As it is well known from the literature, the porous structures exhibit good hydrophobic properties . The morphology of the nanostructures produced in this study focused our attention on their hydrophobic behavior. Table 2 presents the contact angle for the samples obtained at different deposition geometries, together with the images of the droplets formed on the sample surface. All samples present a hydrophobic behavior, except for the one deposited using geometry 1, where the contact angle θ is less than 90°. The most pronounced hydrophobicity was observed for the structures shown in Fig. 4,c, where the contact angle was greater than 120°. It is known that the structures consisting of such nanocolumnar arrays possess good dynamic hydrophobicity due to their discrete surface structure .
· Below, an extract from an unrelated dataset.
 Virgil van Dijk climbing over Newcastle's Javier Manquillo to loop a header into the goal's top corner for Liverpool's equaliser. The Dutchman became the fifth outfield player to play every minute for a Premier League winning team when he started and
The present paper demonstrates a fast and flexible method for the fabrication of pure Au nanostructures. The structures were produced by applying the PLD technique in open air, that is, in the absence of vacuum, typically required for such fabrication techniques. It was found that the morphology of the as-deposited samples strongly depends on the PLD geometry. Au column-like nanostructures were produced by using different deposition geometries. The size and density of the nanocolumns was found to depend on the position of the substrate with relation to the plasma plume. The physical properties of the structures obtained by PLD in open air depend on their surface morphology. The most hydrophobic structures were those composed of distinctly separated nanocolumns, where contact angles over 120° were measured. The predominantly discrete character of these structures led to a lower electrical conductivity compared to the other samples. The accumulation of ablated material on the substrate resulted in the formation of denser structures with higher conductivity and lower transparency. The use of in situ monitoring of the sample resistance during the PLD process would allow for easy fabrication of nanostructures with engineered electrical and/or optical properties. The modification of the electrical resistance of the structures was achieved by IR light irradiation. It was found that the effect is thermal and pronounced for nanostructures only. The technique proposed is a good alternative to those already developed, as it allows for easy and simple fabrication of pure Au nanocolumn structures, avoiding the need of a low-pressure environment.
The authors acknowledge the financial support by project DFNP-184 “Nanostructured coatings fabricated by laser ablation in air” under the Assistance for Young Scientists Scientific Program, BAS.